A weblog about god, doubt, insomnia, culture, baseball


my old olde towne team

it's odd starting a season w/o a "hometown 9" for the first time in 3 summers. when we moved to boston, i already loved the red sox, but as my friend todd pointed out, if the sox matched up w/ the braves/cubs . . . then my sox loyalty had run out all the tether. but the first season i got to watch practically every game on nesn or fox13 or wb38 or wherever the game happened to be that night, i was hooked. when i was younger my family always traveled to a series a year that one of my favorite clubs was participating in, usually atlanta or maybe the texas rangers and whoever. now i had a hometown team! these were my guys! i woke up and checked the globe for the box score if they'd been on the (irredeemedly evil) west coast the night before. lifesize pictures of these guys were on the windows of my dunkin' donuts. they raised money for the jimmy fund and even for that stupid hot dog safari thing fat old tongue-tied eddie andelman hawked every summer (i'll never forgive him for the "yankee elimination pahty" debacle). they went on sports sunday late @ night to talk to the same guys who would interview them the next day on weei or 1510thezone, and the same guys were out there listening. we think football is somehow holy in the south? we have no idea (except maybe the bengal tigahs and their "daah da daaaaaaaah dah!!"). the red sox are a religion, and it's adherents are cab drivers and millionaires, 8-year-olds and guys who haven't missed a game @ fenway since that williams kid was a rook, cape codders and guys from southie (even a transplanted family from way, way down southie in the land of cotton).

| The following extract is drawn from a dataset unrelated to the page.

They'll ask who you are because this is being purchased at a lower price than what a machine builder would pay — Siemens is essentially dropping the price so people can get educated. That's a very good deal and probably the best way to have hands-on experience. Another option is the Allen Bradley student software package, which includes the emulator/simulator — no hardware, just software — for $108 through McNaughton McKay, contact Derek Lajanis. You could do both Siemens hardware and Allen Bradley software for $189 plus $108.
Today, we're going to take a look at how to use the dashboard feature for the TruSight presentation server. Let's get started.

i write all this b/c i miss it so. and i can't even think of what mental duress i would suffer were the sox blessed enough to win a series this year when i'm stranded away from the fens! but that's what guys like dennis, girls like renee' (she's more rabid than me, for chrissake), and guys like the gentleman on the other end of the phone @ directv when i place that call tomorrow are for.

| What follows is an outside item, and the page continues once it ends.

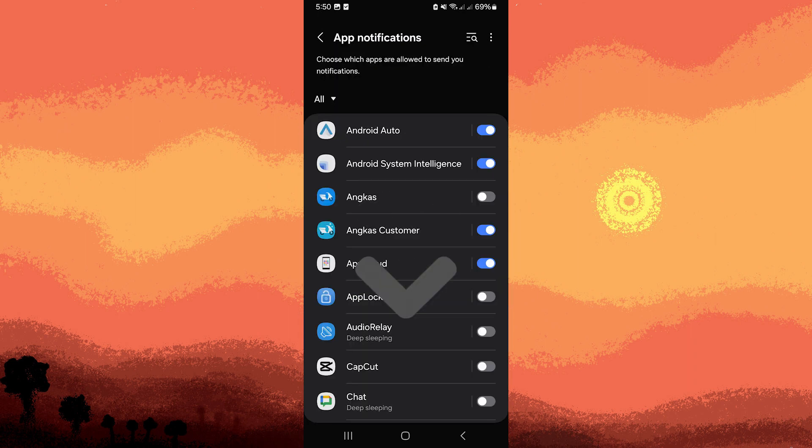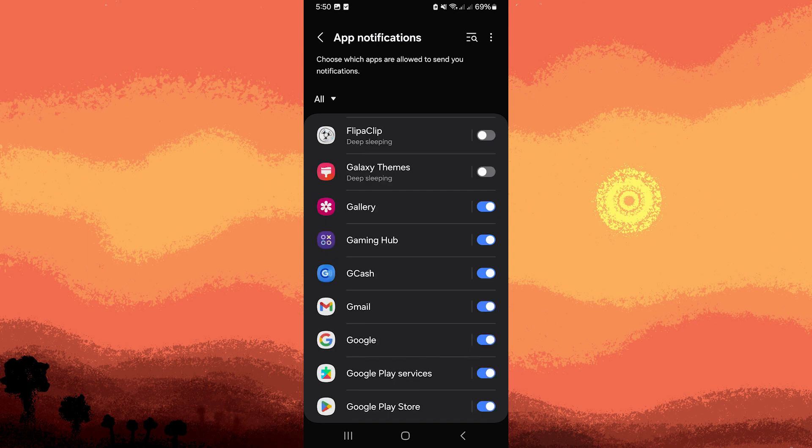Scroll through the list of apps until you find Google Play Store and tap on it to open its settings.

i admit, though, that i toyed w/ not bringing up curses @ all. i don't particularly care to sell any more books for shaughnessey, to be right up front about it. and my friend, brian birkey, commented tonight that he finds himself in the camp w/ bill littlefield who wrote in the globe last week: Boston fans are not rooting for a team that's cursed. They are rooting for a team that's blessed, if they'd only see it — a team better than any other at generating the sort of tales the ancients used to tell one another around flickering fires — not easy tales of annual triumph but long, episodic, sustaining stories of struggle, promise and promise subverted, frailty, cowardice, terrible surprise, failure, and loss; in short, tales of each of us and of all of us. i also like littlefield's recounting of the line, and probably not an apocryphal one @ that, spoken by the barkeep who shut off the TV and said in the dumb hush that followed the last out, "The sons of bitches killed our fathers, and now they're coming after us." That's said to have happened in Connecticut after the '78 playoff game against the Yankees, but it doesn't matter, does it? It could have happened in '67, or '75, or '86, or '03.

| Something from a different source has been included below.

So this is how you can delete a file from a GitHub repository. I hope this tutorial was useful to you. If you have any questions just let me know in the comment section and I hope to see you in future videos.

nope. it doesn't matter. whether i'm in boston or oxford or tokyo, i'll be watching the sox on sunday night. and i'll listen to some webradio on monday to hear all the cryin' and spittin' and whinin' and (simultaneously) "the yanks are done" ballyhoo that 'al from the cape' of whatever infamous radio pseudo-personality blurts on the air. and i'll be in heaven. which, after much theological reflection, i understand to be a little like fenway. but w/ not as good italian sausage and wine instead of beer.